Raven P B, Welch-O'Connor R M, Shi X
Department of Integrative Physiology, University of North Texas Health Science Center at Fort Worth 76107, USA.
Med Sci Sports Exerc. 1998 Jul;30(7):1041-52. doi: 10.1097/00005768-199807000-00004.
The aim of this study was to test the hypothesis that a sustained reduction of physical activity (deconditioning) would alter the cardiovascular regulatory function.
Nineteen young, healthy volunteers participated in physical deconditioning for a period of 8 wk. Before (pre) and following (post) physical deconditioning, the responses of heart rate (HR), mean arterial pressure (MAP, measured by Finapres), central venous pressure (CVP), stroke volume (SV, Doppler), and forearm blood flow (FBF, plethysmography) were determined during lower body negative pressure (LBNP). The carotid baroreflex (CBR) function was assessed using a train of pulsatile neck pressure (NP) and suction, and the aortic baroreflex control of HR was assessed during steady-state phenylephrine (PE) infusion superimposed by LBNP and NP to counteract the PE increased CVP and carotid sinus pressure, respectively.

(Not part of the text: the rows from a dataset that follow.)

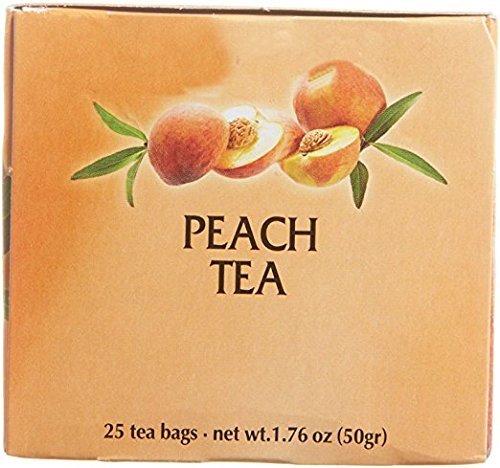 Wissotzky TeaPeach Tea 25 Tea Bags 1.76 Oz. Pack Of 3.
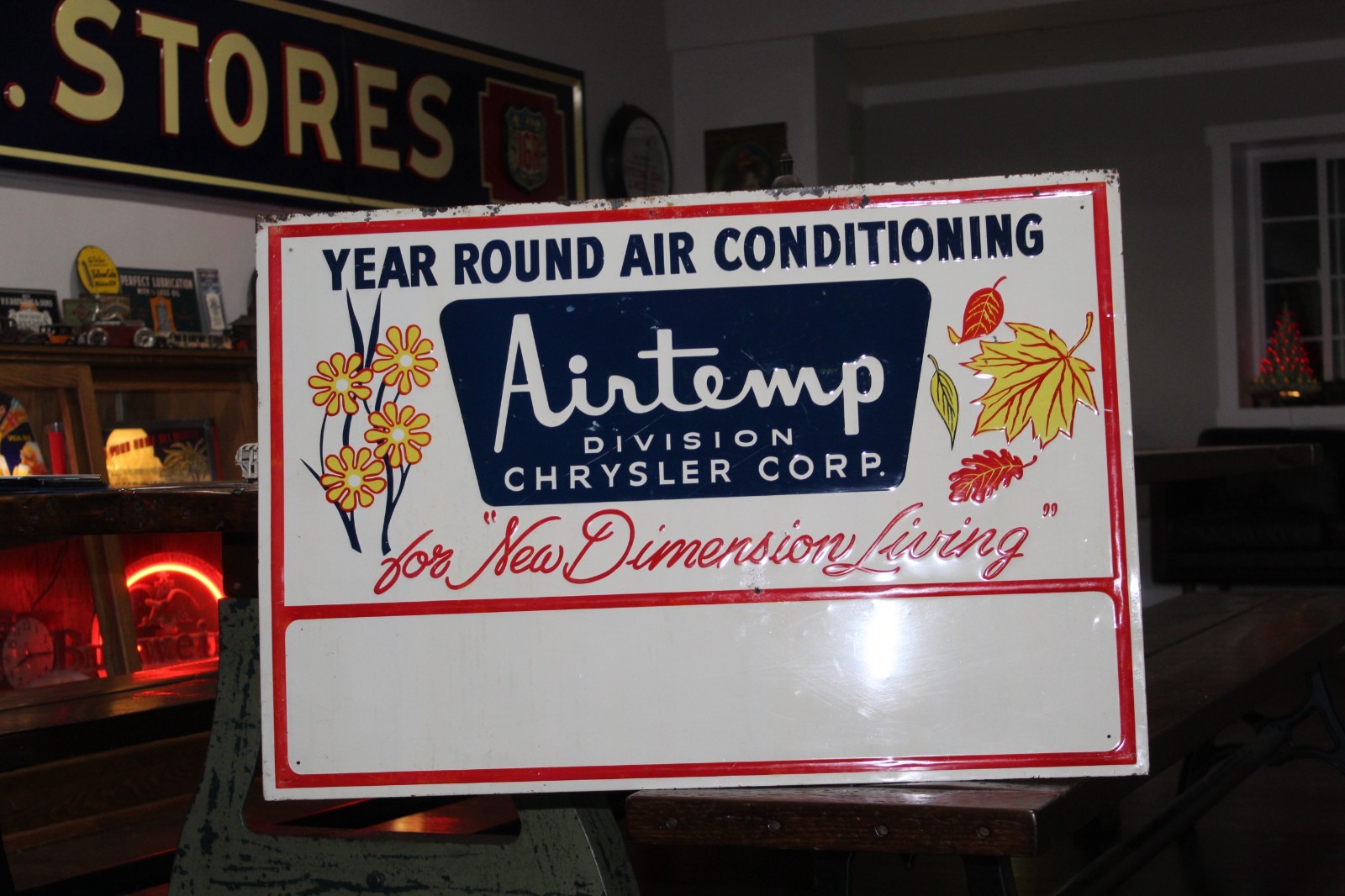 SCARCE  1960s CHRYSLER MOPAR AIRTEMP DEALER INSTALLED A/C EMBOSSED METAL SIGN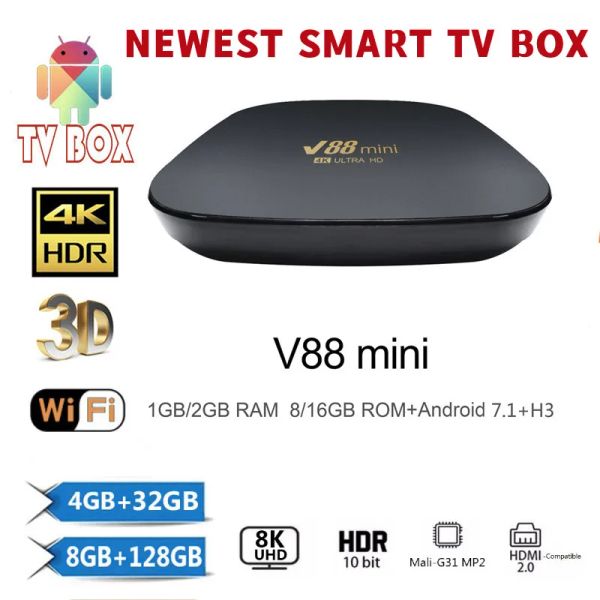 Box 2022 Nuovo V88 Smart TV Box Android 12 Allwinner H3 Quad Core 2.4G WiFi 8K Set Top Box 8GB+128GB Media Player H.265 Home Theater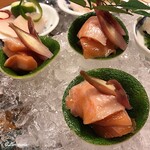 千陽 - 十和田湖産の姫鱒の造り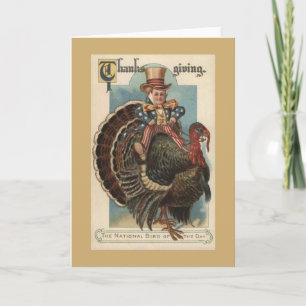 Festividades Cartão Patriótico de Ação de Graças Vintage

Active physical deconditioning significantly decreased maximal oxygen uptake (-7%) and LBNP tolerance (-13%) without a change in baseline hemodynamics. Plasma volume (-3% at P = 0.135), determined by Evans Blue dilution, and blood volume (-4% at P = 0.107) were not significantly altered. During LBNP -20 to -50 torr, there was a significantly greater drop of SV per unit decrease in CVP in the post- (14.7 +/- 1.6%/mm Hg) than predeconditioning (11.2 +/- 0.7%/mm Hg) test accompanied by a greater tachycardia. Deconditioning increased the aortic baroreflex sensitivity (pre vs post: -0.61 +/- 0.12 vs -0.84 +/- 0.14 bpm.mm-1 Hg, P = 0.009) and the slope of forearm vascular resistance (calculated from [MAP-CVP]/FBF) to CVP (-2.75 +/- 0.26 vs -4.94 +/- 0.97 PRU/mm Hg, P = 0.086). However, neither the CBR-HR (-0.28 +/- 0.03 VS -0.39 +/- 0.10 bpm.mm-1 Hg) nor the CBR-MAP (-0.37 +/- 0.16 vs -0.25 +/- 0.07 mm Hg/mm Hg) gains were statistically different between pre- and postdeconditioning.
We concluded that the functional modification of the cardiac pressure-volume relationship resulted in the reduced LBNP tolerance, despite the accentuated aortic and cardiopulmonary baroreflex function following deconditioning.
本研究旨在验证以下假设,即身体活动的持续减少(去适应)会改变心血管调节功能。
19名年轻健康志愿者参与了为期8周的身体去适应过程。在身体去适应之前(预)和之后(后),在下半身负压(LBNP)期间测定心率(HR)、平均动脉压(MAP,通过Finapres测量)、中心静脉压(CVP)、每搏输出量(SV,多普勒法)和前臂血流量(FBF,体积描记法)的反应。使用一系列搏动性颈部压力(NP)和吸力评估颈动脉压力反射(CBR)功能,在稳态去氧肾上腺素(PE)输注期间叠加LBNP和NP分别抵消PE引起的CVP和颈动脉窦压力增加,评估主动脉压力反射对HR的控制。
积极的身体去适应显著降低了最大摄氧量(-7%)和LBNP耐受性(-13%),而基线血流动力学无变化。通过伊文思蓝稀释法测定的血浆量(P = 0.135时为-3%)和血容量(P = 0.107时为-4%)无显著改变。在LBNP -20至-50托期间,与去适应前(11.2±0.7%/mmHg)测试相比,去适应后(14.7±1.6%/mmHg)每单位CVP降低时SV的下降幅度显著更大,同时伴有更大的心动过速。去适应增加了主动脉压力反射敏感性(去适应前与去适应后:-0.61±0.12对-0.84±0.14次/分·mmHg,P = 0.009)以及前臂血管阻力(根据[MAP - CVP]/FBF计算)对CVP的斜率(-2.75±0.26对-4.94±0.97 PRU/mmHg,P = 0.086)。然而,去适应前后CBR - HR(-0.28±0.03对-0.39±0.10次/分·mmHg)和CBR - MAP(-0.37±0.16对-0.25±0.07 mmHg/mmHg)增益在统计学上无差异。
我们得出结论,尽管去适应后主动脉和心肺压力反射功能增强,但心脏压力 - 容量关系的功能改变导致LBNP耐受性降低。